*** Opening of Data supplied ***

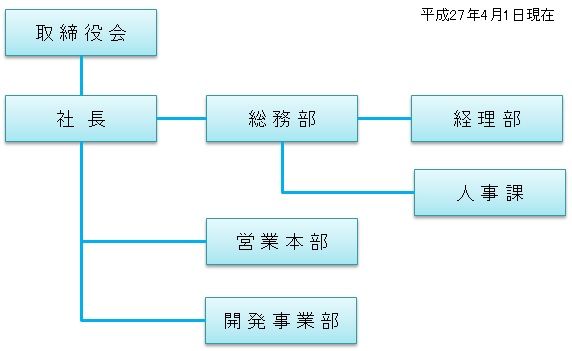 組織図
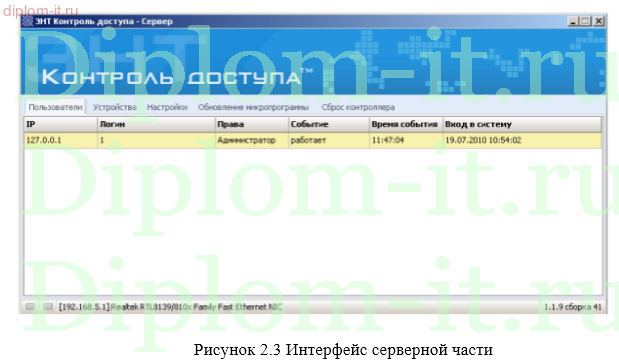  Внедрение системы контроля и управления доступом (СКУД) в ювелирной мастерской 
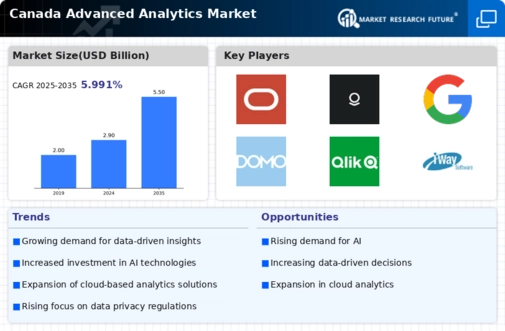 Canada Advanced Analytics Market Infographic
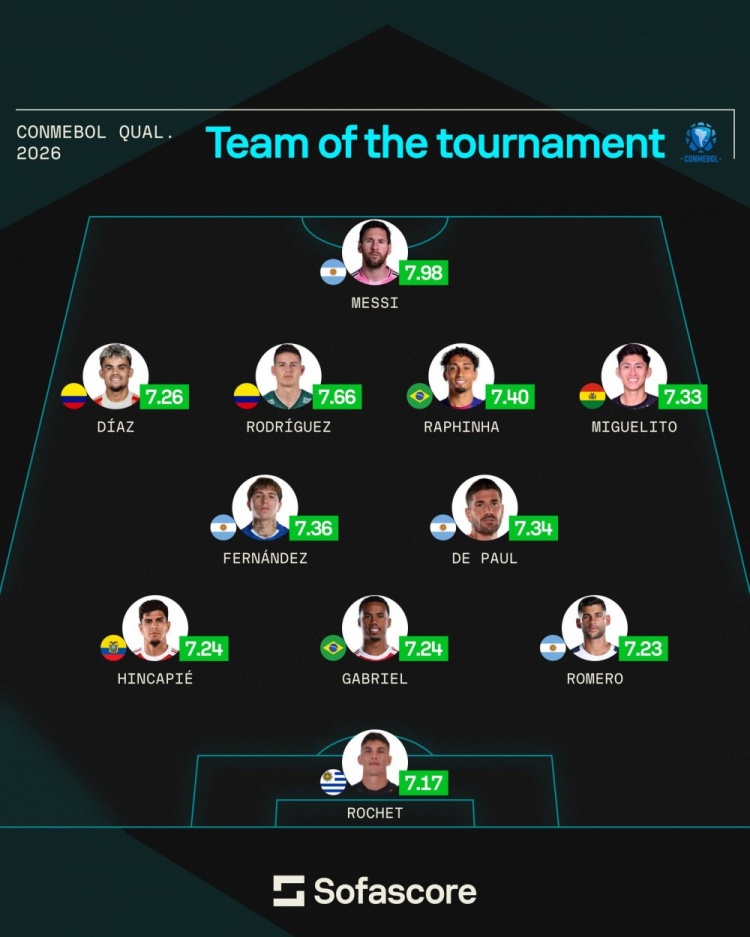 开云平台-Sofascore南美区世预赛最佳阵容揭晓：梅西领衔，拉菲尼亚、恩佐、哈梅斯入选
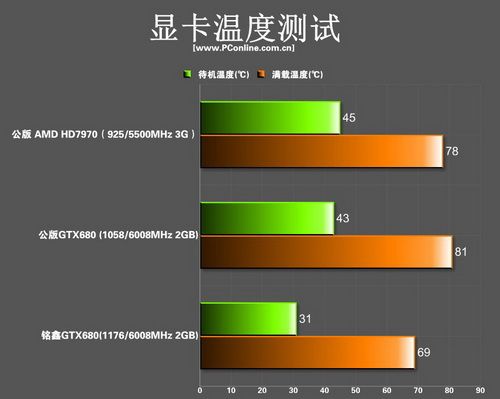 gtx680 gtx680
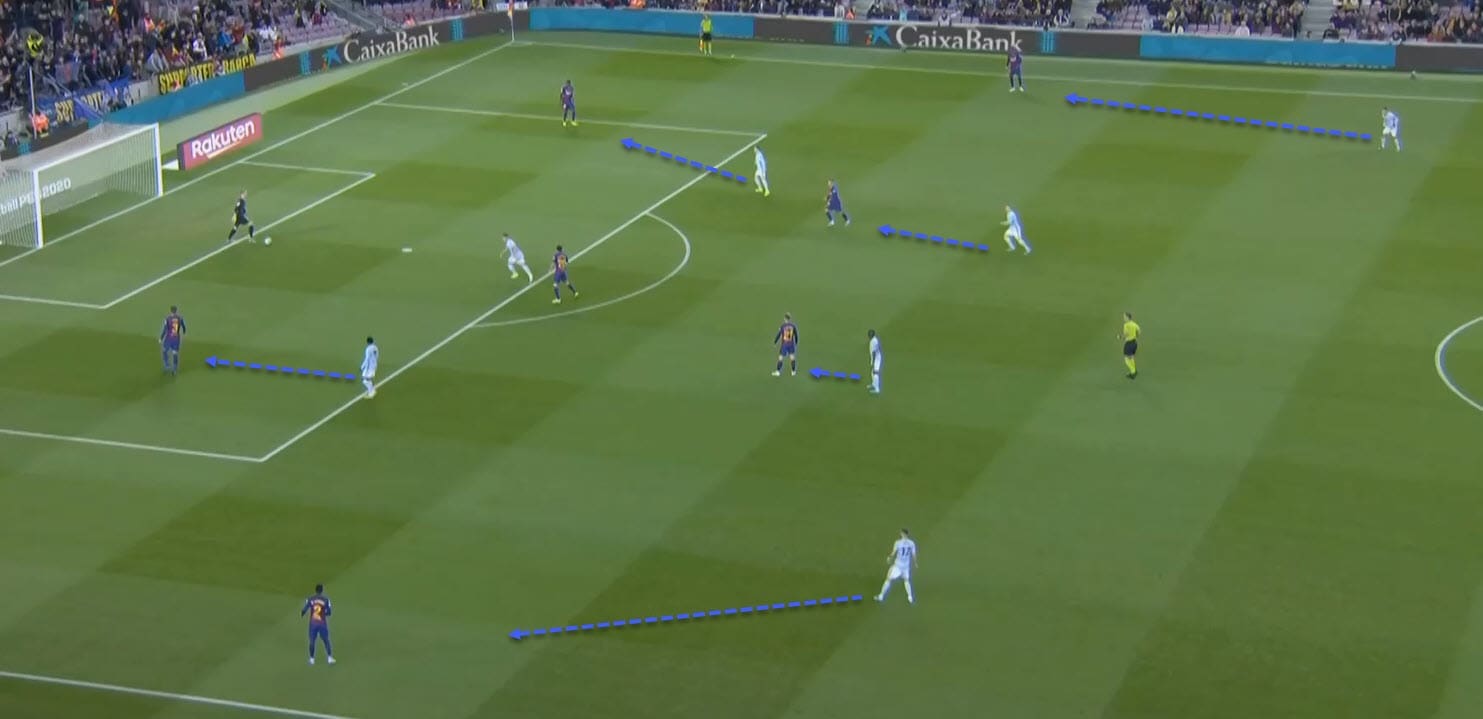 La Liga 2019/20: Barcelona vs Celta Vigo - tactical analysis tactics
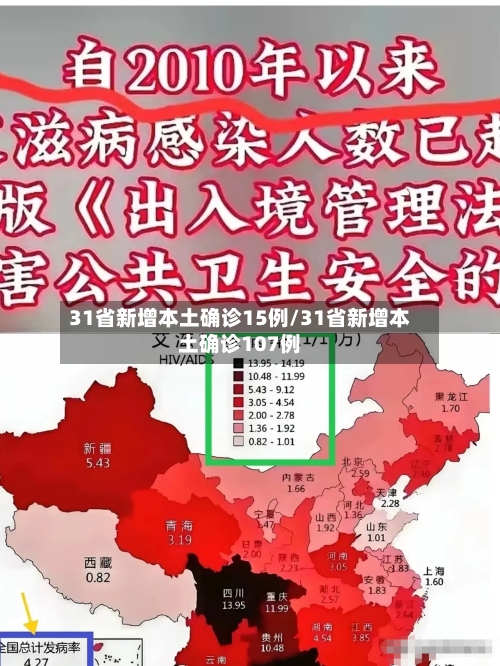31省新增本土确诊15例/31省新增本土确诊107例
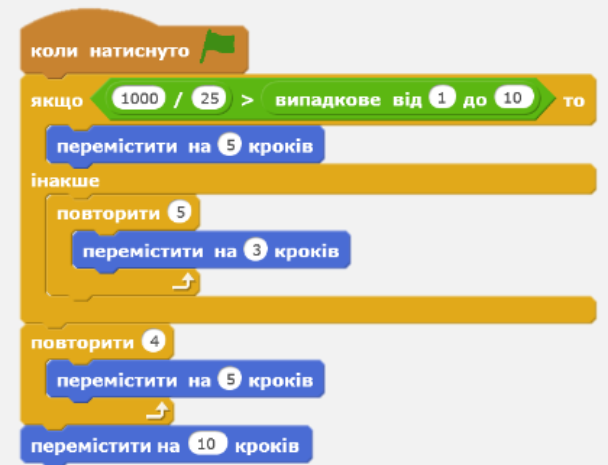 0300u7xx-faf4-608x465.png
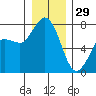Rosario tide chart for Monday, December 29, 2025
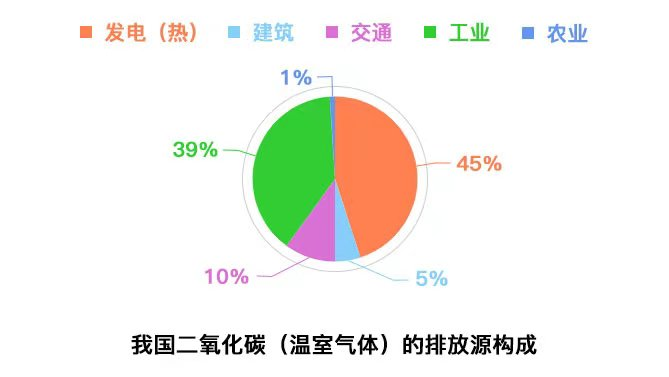 我国二氧化碳(温室气体)的排放源构成中,发电(热)占45%,建筑占5%,交通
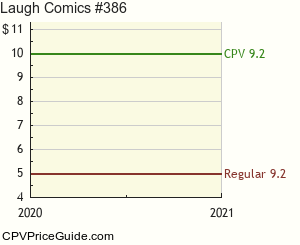 Laugh Comics #386 Comic Book Values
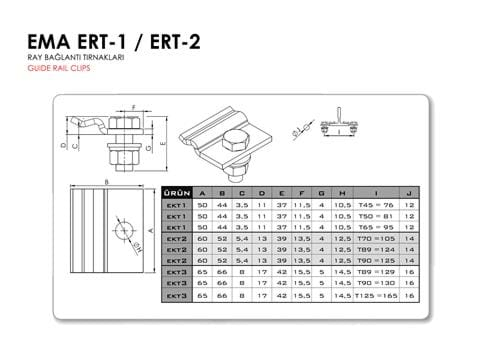 Guide Rail Clips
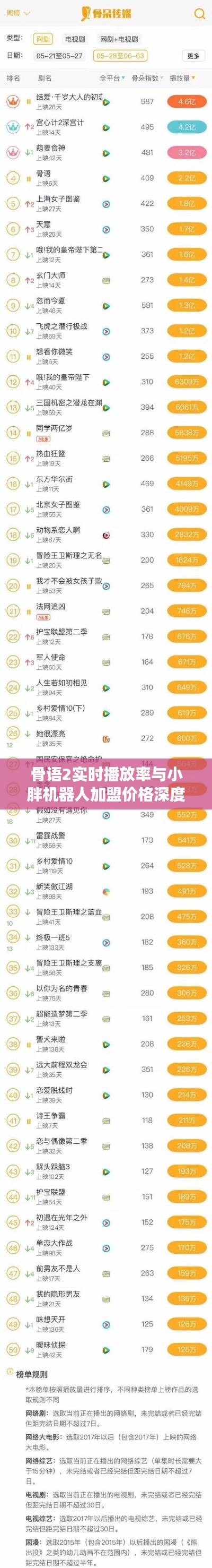 骨语2实时播放率与小胖机器人加盟价格深度解析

*** Close of Data supplied ***

Work instruction: Would you repeat the entries exactly, keeping the images out?

Task answer:
 組織図
  Внедрение системы контроля и управления доступом (СКУД) в ювелирной мастерской 
 Canada Advanced Analytics Market Infographic
 开云平台-Sofascore南美区世预赛最佳阵容揭晓：梅西领衔，拉菲尼亚、恩佐、哈梅斯入选
 gtx680 gtx680
 La Liga 2019/20: Barcelona vs Celta Vigo - tactical analysis tactics
31省新增本土确诊15例/31省新增本土确诊107例
 0300u7xx-faf4-608x465.png
Rosario tide chart for Monday, December 29, 2025
 我国二氧化碳(温室气体)的排放源构成中,发电(热)占45%,建筑占5%,交通
 Laugh Comics #386 Comic Book Values
 Guide Rail Clips
 骨语2实时播放率与小胖机器人加盟价格深度解析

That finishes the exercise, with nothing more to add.